We first entered Mexico shortly after the Zapatista uprising in 1994 when we received requests for an international civilian presence in Chiapas.
Following a series of exploratory missions, we officially opened the Mexico Project in 1998. Although accompaniment requests had been received largely from organizations in Chiapas, our initial goal was to work in the states of Oaxaca and Guerrero.
In these states the presence of international organizations was more limited whereas Chiapas already had representation from a wide variety of organizations and groups, all with different mandates and goals.
In Guerrero, we began by accompanying “The Voice for Those Without a Voice” Human Rights Committee which was a centre that launched the conversation on human rights issues in Mexico. Since then, we have accompanied numerous organizations in Guerrero and several organizations in Oaxaca.
These regions are where our team in Mexico still works today.
Not wanting to forget about Chiapas, we also decided after careful analysis that we could best have an impact in this state by participating in SIPAZ (International Service for Peace), a coalition of international organizations.
Over the last few years we have been following cases before the Inter-American Court of Human Rights (IACHR), including those of the indigenous Me`phaa women who were tortured and raped by Mexican soldiers in 2002.
These cases have been brought forward by members of the Organization of the Indigenous Me`phaa People (OPIM). Two of these women are Inés Fernández Ortega and Valentina Rosendo Cantú. They have both been searching for justice and compensation for eight years.
Before the courts it was argued that these women show the recurring problems in Mexico such as the lack of access to justice for female victims of violence, abuses due to the lack of public control over the Mexican army and the systematic persecution of those who organize themselves to defend indigenous rights.
We recognize that the conflicts in Mexico are complex and long lasting, and that there are profound social and regional inequalities in the country. Many of these conflicts are due to disputes over land and natural resources, often involving multinational companies and state-sponsored businesses.
Our work in making sure that human rights workers in Mexico are safe and that human rights are protected would not be possible without the work that we do in Canada.
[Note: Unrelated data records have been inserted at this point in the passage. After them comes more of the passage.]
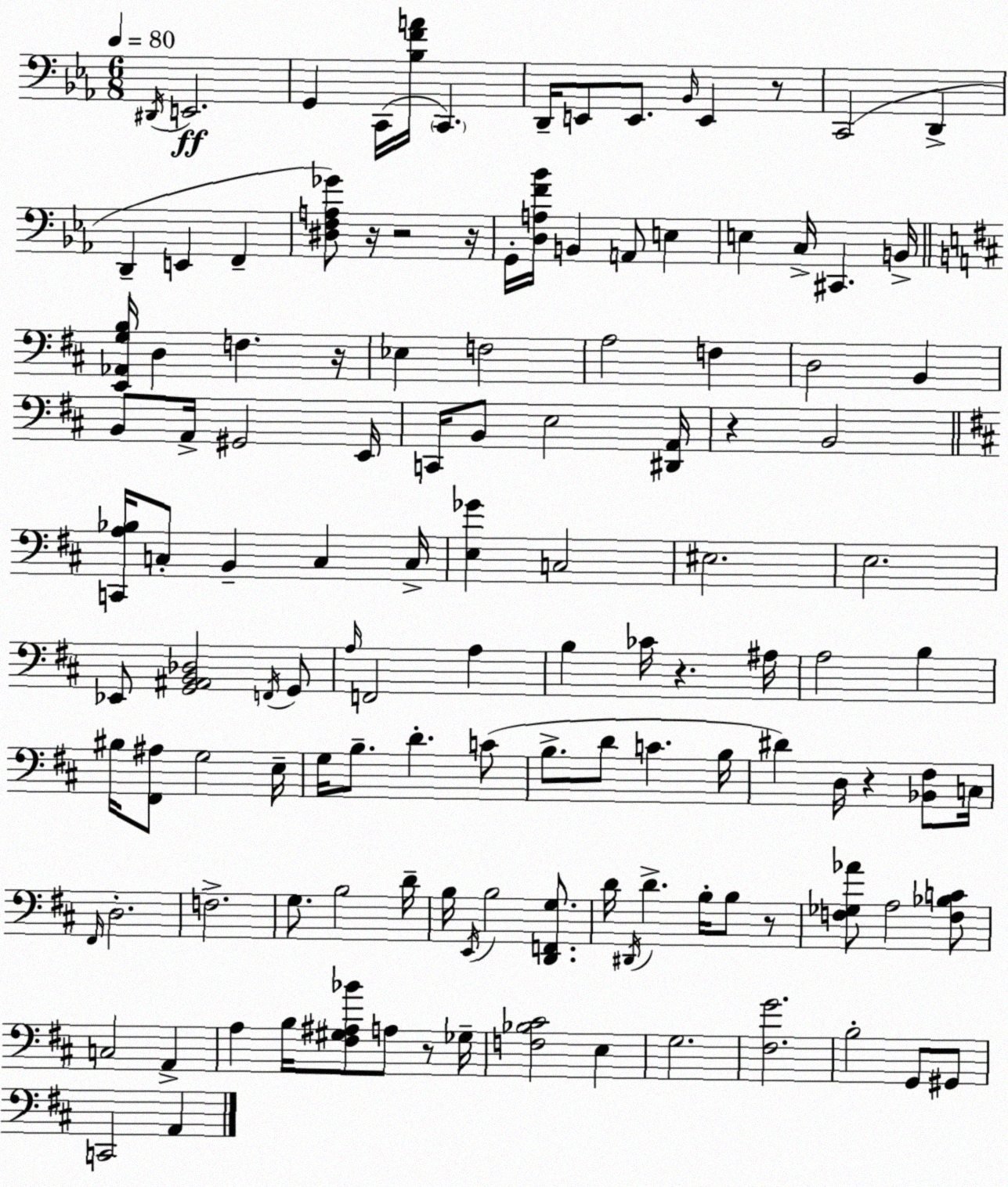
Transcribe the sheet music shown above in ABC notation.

X:1
T:Untitled
M:6/8
L:1/4
K:Eb
^D,,/4 E,,2 G,, C,,/4 [_B,FA]/4 C,, D,,/4 E,,/2 E,,/2 _B,,/4 E,, z/2 C,,2 D,, D,, E,, F,, [^D,F,A,_G]/2 z/4 z2 z/4 G,,/4 [D,A,F_B]/4 B,, A,,/2 E, E, C,/4 ^C,, B,,/4 [E,,_A,,G,B,]/4 D, F, z/4 _E, F,2 A,2 F, D,2 B,, B,,/2 A,,/4 ^G,,2 E,,/4 C,,/4 B,,/2 E,2 [^D,,A,,]/4 z B,,2 [C,,A,_B,]/4 C,/2 B,, C, C,/4 [E,_G] C,2 ^E,2 E,2 _E,,/2 [G,,^A,,B,,_D,]2 F,,/4 G,,/2 A,/4 F,,2 A, B, _C/4 z ^A,/4 A,2 B, ^B,/4 [^F,,^A,]/2 G,2 E,/4 G,/4 B,/2 D C/2 B,/2 D/2 C B,/4 ^D D,/4 z [_B,,^F,]/2 C,/4 ^F,,/4 D,2 F,2 G,/2 B,2 D/4 B,/4 E,,/4 B,2 [D,,F,,G,]/2 D/4 ^D,,/4 D B,/4 B,/2 z/2 [F,_G,_A]/2 A,2 [F,_B,C]/2 C,2 A,, A, B,/4 [^F,^G,^A,_B]/2 A,/2 z/2 _G,/4 [F,_B,^C]2 E, G,2 [^F,G]2 B,2 G,,/2 ^G,,/2 C,,2 A,, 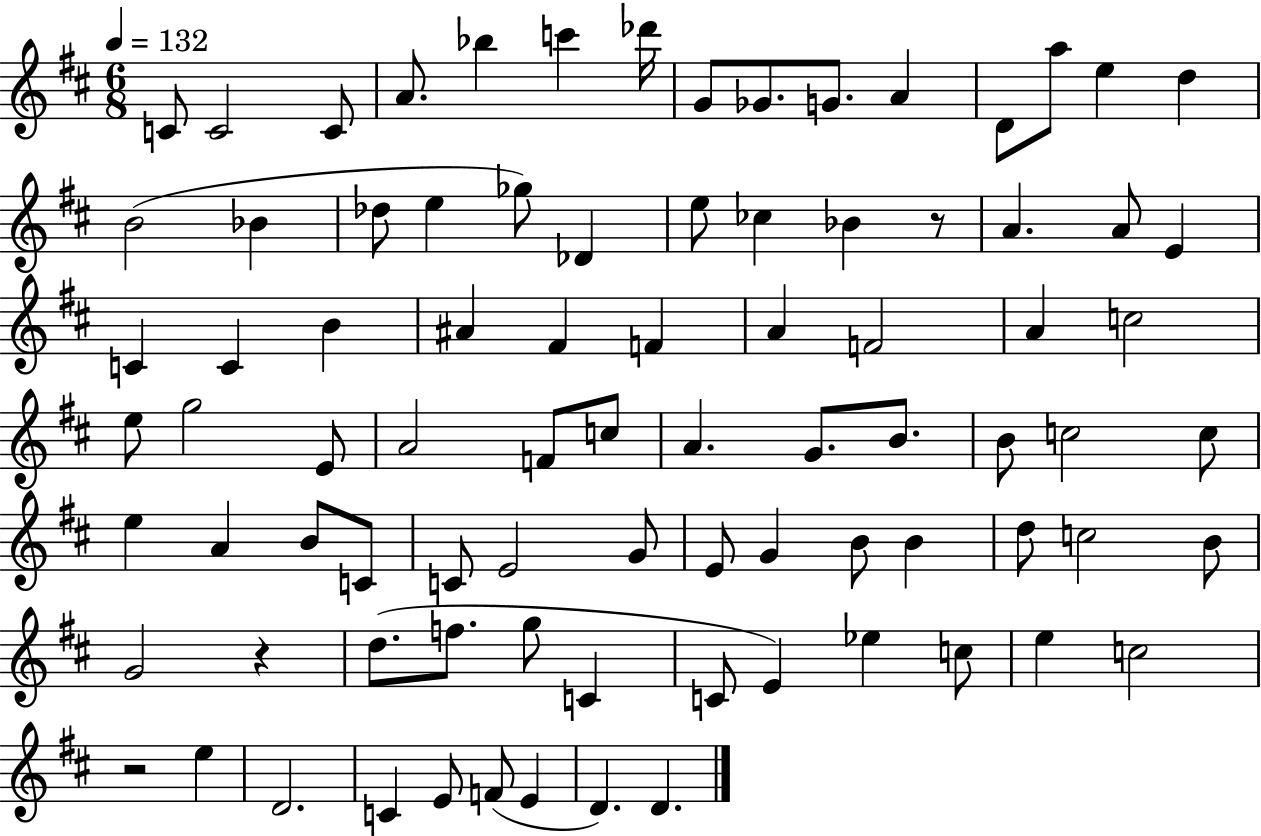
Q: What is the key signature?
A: D major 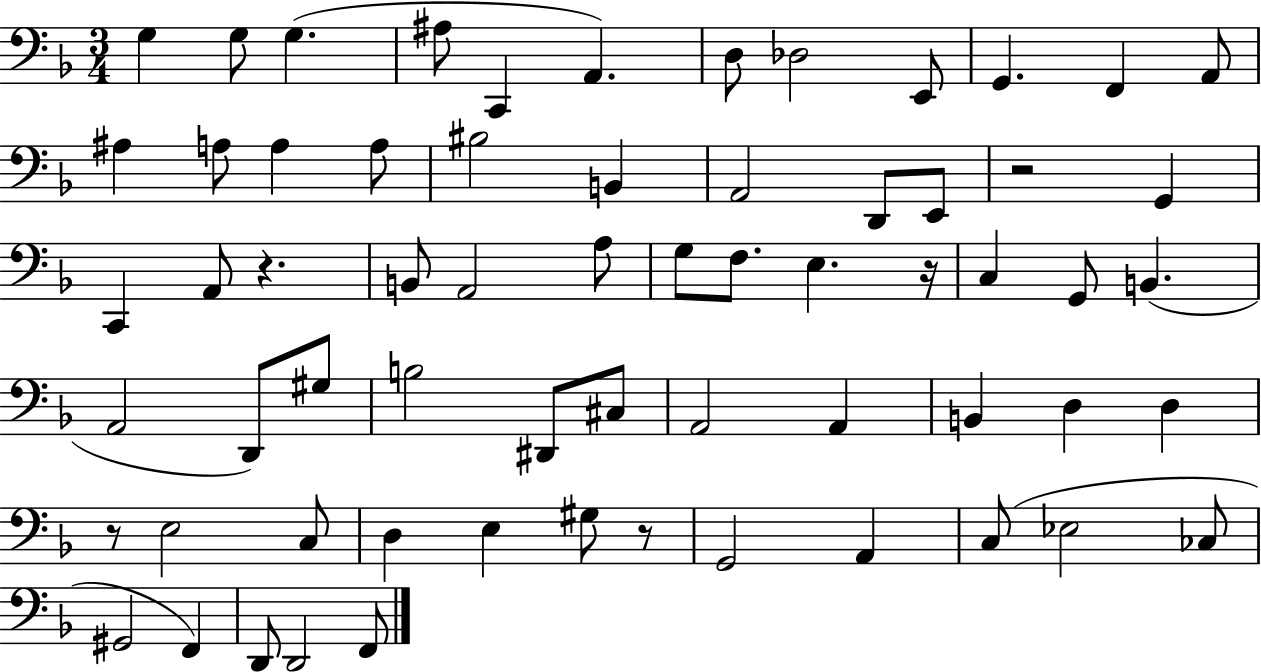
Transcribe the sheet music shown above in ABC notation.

X:1
T:Untitled
M:3/4
L:1/4
K:F
G, G,/2 G, ^A,/2 C,, A,, D,/2 _D,2 E,,/2 G,, F,, A,,/2 ^A, A,/2 A, A,/2 ^B,2 B,, A,,2 D,,/2 E,,/2 z2 G,, C,, A,,/2 z B,,/2 A,,2 A,/2 G,/2 F,/2 E, z/4 C, G,,/2 B,, A,,2 D,,/2 ^G,/2 B,2 ^D,,/2 ^C,/2 A,,2 A,, B,, D, D, z/2 E,2 C,/2 D, E, ^G,/2 z/2 G,,2 A,, C,/2 _E,2 _C,/2 ^G,,2 F,, D,,/2 D,,2 F,,/2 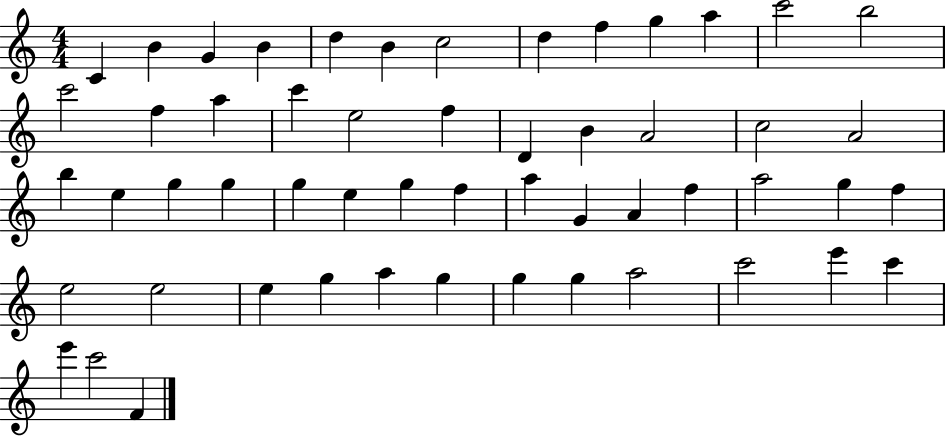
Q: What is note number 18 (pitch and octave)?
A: E5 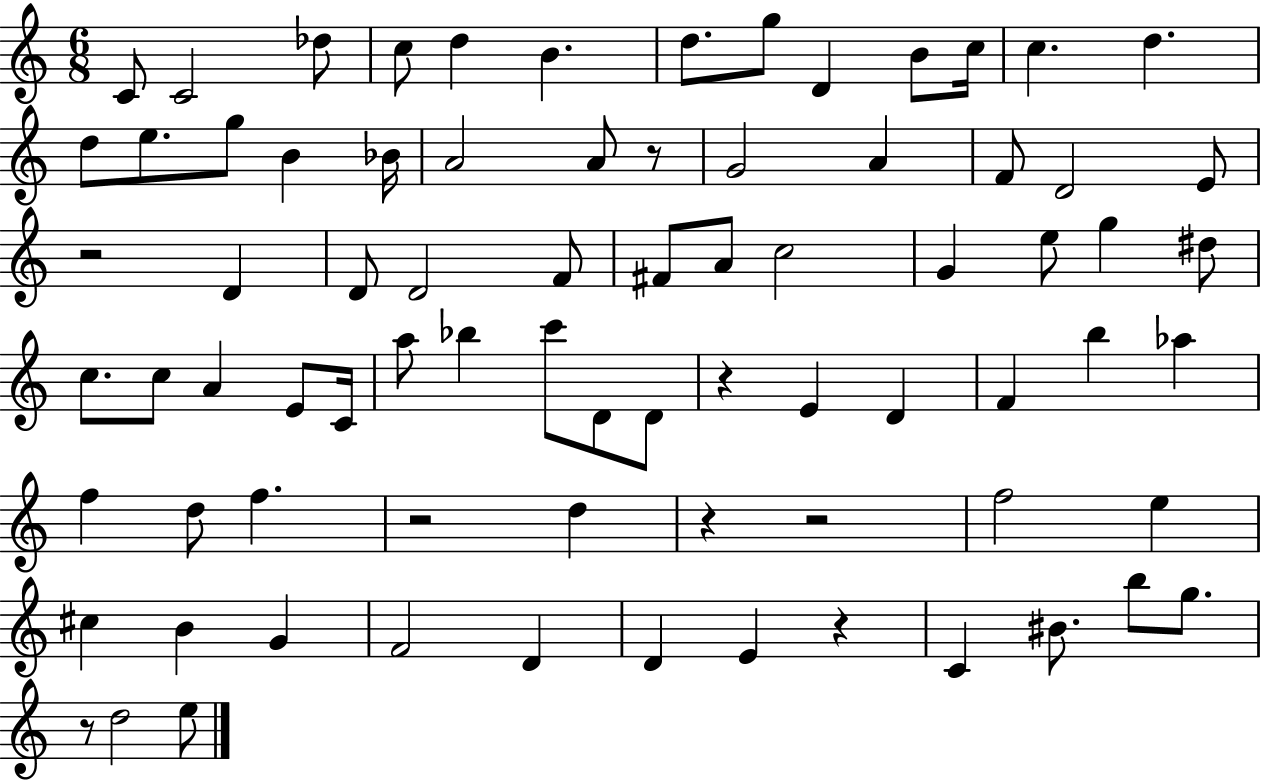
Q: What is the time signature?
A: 6/8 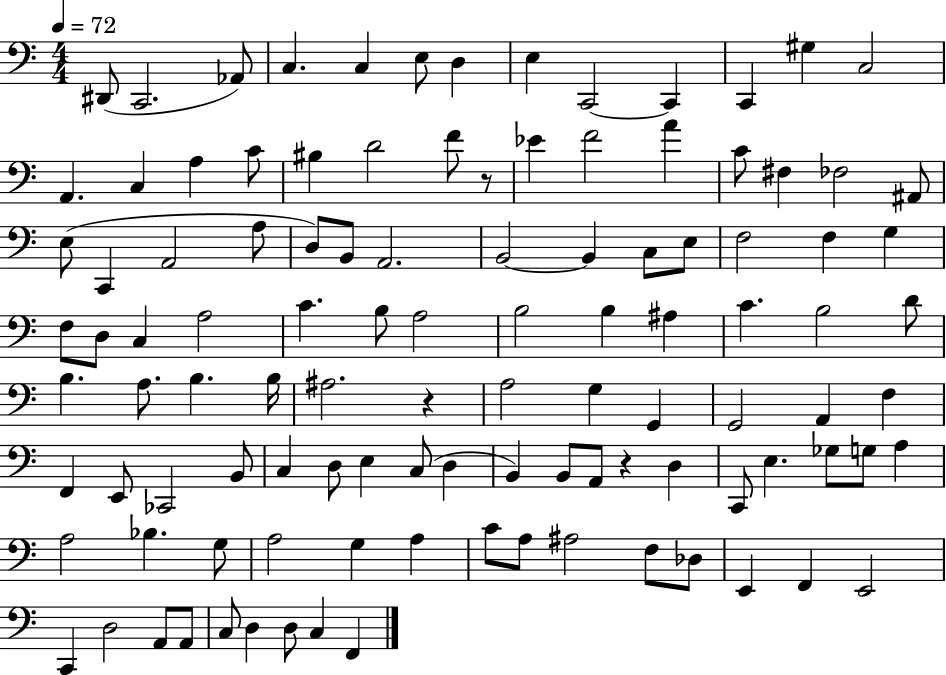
D#2/e C2/h. Ab2/e C3/q. C3/q E3/e D3/q E3/q C2/h C2/q C2/q G#3/q C3/h A2/q. C3/q A3/q C4/e BIS3/q D4/h F4/e R/e Eb4/q F4/h A4/q C4/e F#3/q FES3/h A#2/e E3/e C2/q A2/h A3/e D3/e B2/e A2/h. B2/h B2/q C3/e E3/e F3/h F3/q G3/q F3/e D3/e C3/q A3/h C4/q. B3/e A3/h B3/h B3/q A#3/q C4/q. B3/h D4/e B3/q. A3/e. B3/q. B3/s A#3/h. R/q A3/h G3/q G2/q G2/h A2/q F3/q F2/q E2/e CES2/h B2/e C3/q D3/e E3/q C3/e D3/q B2/q B2/e A2/e R/q D3/q C2/e E3/q. Gb3/e G3/e A3/q A3/h Bb3/q. G3/e A3/h G3/q A3/q C4/e A3/e A#3/h F3/e Db3/e E2/q F2/q E2/h C2/q D3/h A2/e A2/e C3/e D3/q D3/e C3/q F2/q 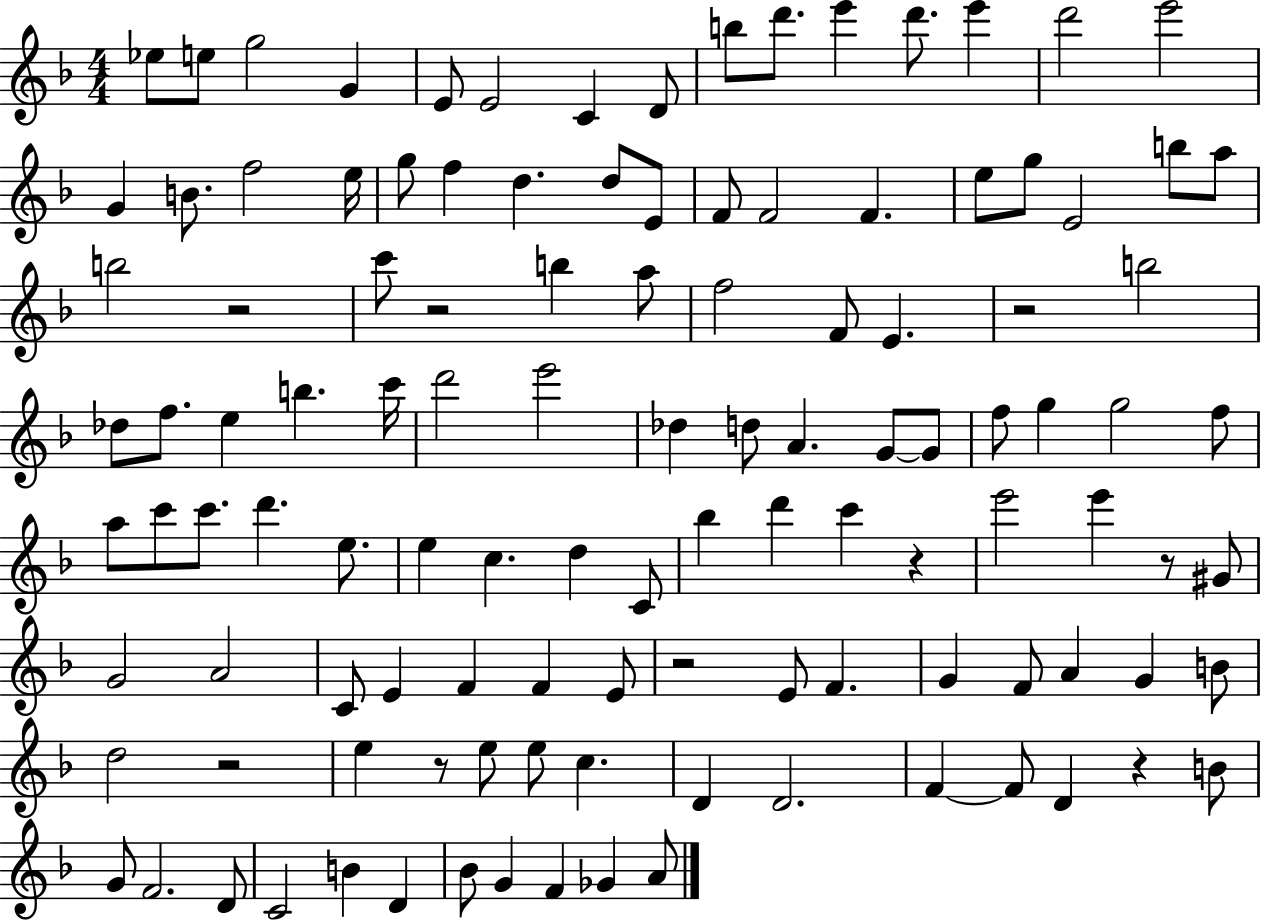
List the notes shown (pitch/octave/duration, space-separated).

Eb5/e E5/e G5/h G4/q E4/e E4/h C4/q D4/e B5/e D6/e. E6/q D6/e. E6/q D6/h E6/h G4/q B4/e. F5/h E5/s G5/e F5/q D5/q. D5/e E4/e F4/e F4/h F4/q. E5/e G5/e E4/h B5/e A5/e B5/h R/h C6/e R/h B5/q A5/e F5/h F4/e E4/q. R/h B5/h Db5/e F5/e. E5/q B5/q. C6/s D6/h E6/h Db5/q D5/e A4/q. G4/e G4/e F5/e G5/q G5/h F5/e A5/e C6/e C6/e. D6/q. E5/e. E5/q C5/q. D5/q C4/e Bb5/q D6/q C6/q R/q E6/h E6/q R/e G#4/e G4/h A4/h C4/e E4/q F4/q F4/q E4/e R/h E4/e F4/q. G4/q F4/e A4/q G4/q B4/e D5/h R/h E5/q R/e E5/e E5/e C5/q. D4/q D4/h. F4/q F4/e D4/q R/q B4/e G4/e F4/h. D4/e C4/h B4/q D4/q Bb4/e G4/q F4/q Gb4/q A4/e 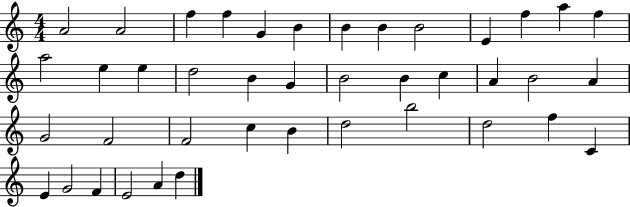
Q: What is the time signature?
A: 4/4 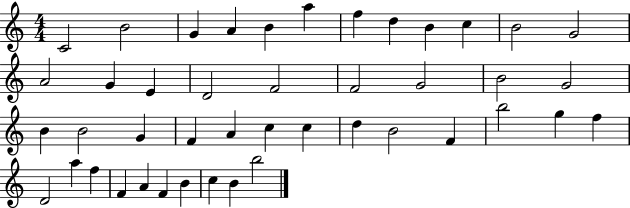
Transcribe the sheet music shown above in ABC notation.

X:1
T:Untitled
M:4/4
L:1/4
K:C
C2 B2 G A B a f d B c B2 G2 A2 G E D2 F2 F2 G2 B2 G2 B B2 G F A c c d B2 F b2 g f D2 a f F A F B c B b2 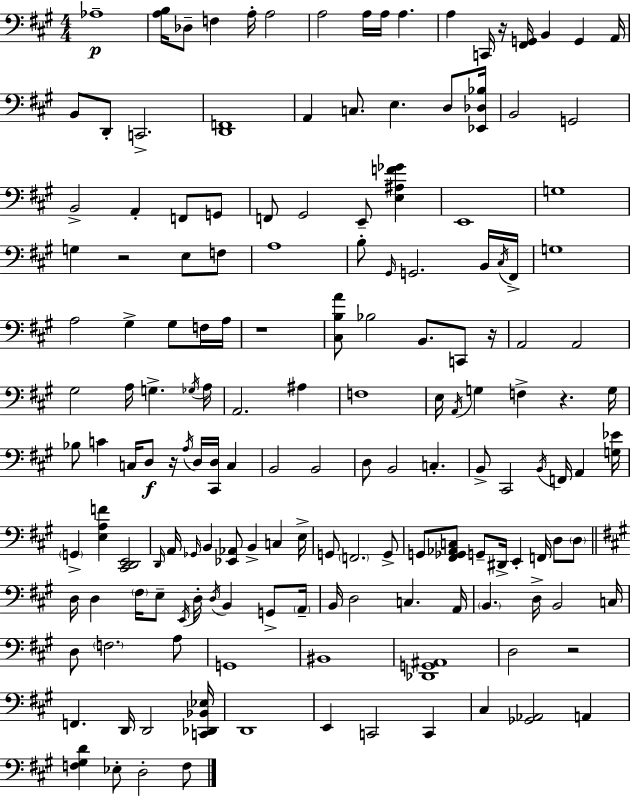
{
  \clef bass
  \numericTimeSignature
  \time 4/4
  \key a \major
  aes1--\p | <a b>16 des8-- f4 a16-. a2 | a2 a16 a16 a4. | a4 c,16 r16 <fis, g,>16 b,4 g,4 a,16 | \break b,8 d,8-. c,2.-> | <d, f,>1 | a,4 c8. e4. d8 <ees, des bes>16 | b,2 g,2 | \break b,2-> a,4-. f,8 g,8 | f,8 gis,2 e,8-- <e ais f' ges'>4 | e,1 | g1 | \break g4 r2 e8 f8 | a1 | b8-. \grace { gis,16 } g,2. b,16 | \acciaccatura { cis16 } fis,16-> g1 | \break a2 gis4-> gis8 | f16 a16 r1 | <cis b a'>8 bes2 b,8. c,8 | r16 a,2 a,2 | \break gis2 a16 g4.-> | \acciaccatura { ges16 } a16 a,2. ais4 | f1 | e16 \acciaccatura { a,16 } g4 f4-> r4. | \break g16 bes8 c'4 c16 d8\f r16 \acciaccatura { a16 } d16 | <cis, d>16 c4 b,2 b,2 | d8 b,2 c4.-. | b,8-> cis,2 \acciaccatura { b,16 } | \break f,16 a,4 <g ees'>16 \parenthesize g,4-> <e a f'>4 <cis, d, e,>2 | \grace { d,16 } a,16 \grace { ges,16 } b,4 <ees, aes,>8 b,4-> | c4 e16-> g,8 \parenthesize f,2. | g,8-> g,8 <fis, ges, aes, c>8 g,8-- dis,16-> e,4-. | \break f,16 d8 \parenthesize d8 \bar "||" \break \key a \major d16 d4 \parenthesize fis16 e8-- \acciaccatura { e,16 } d16-. \acciaccatura { d16 } b,4 g,8-> | \parenthesize a,16-- b,16 d2 c4. | a,16 \parenthesize b,4. d16-> b,2 | c16 d8 \parenthesize f2. | \break a8 g,1 | bis,1 | <des, g, ais,>1 | d2 r2 | \break f,4. d,16 d,2 | <c, des, bes, ees>16 d,1 | e,4 c,2 c,4 | cis4 <ges, aes,>2 a,4 | \break <f gis d'>4 ees8-. d2-. | f8 \bar "|."
} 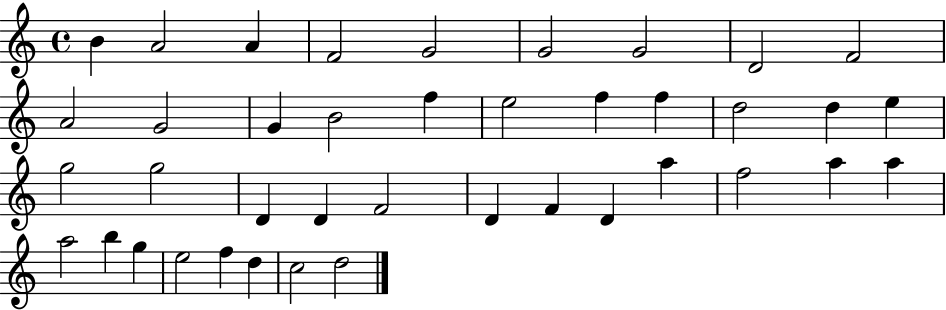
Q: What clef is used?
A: treble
Here at home, through volunteer recruitment and the formation of political support networks with local communities, organizations and government representatives, we work to build awareness of the threats against both human rights themselves and the defenders we accompany in the field. We also strive to inform the public about the effectiveness of non-violent strategies for addressing conflict.
As is the case with other Peace Brigades country groups, PBI-Canada is an “anchor” from which the organization’s political and educational work is undertaken. Our work is a necessary compliment to the work of PBI volunteers in the field.
Our presence in places like Mexico discourages violence against human rights workers because our field volunteers are the symbolic representation of a global movement. This movement includes individuals, organizations and governments who care about what happens to those who work in favour of human rights and will respond to any threats against the personal safety and security of those activists.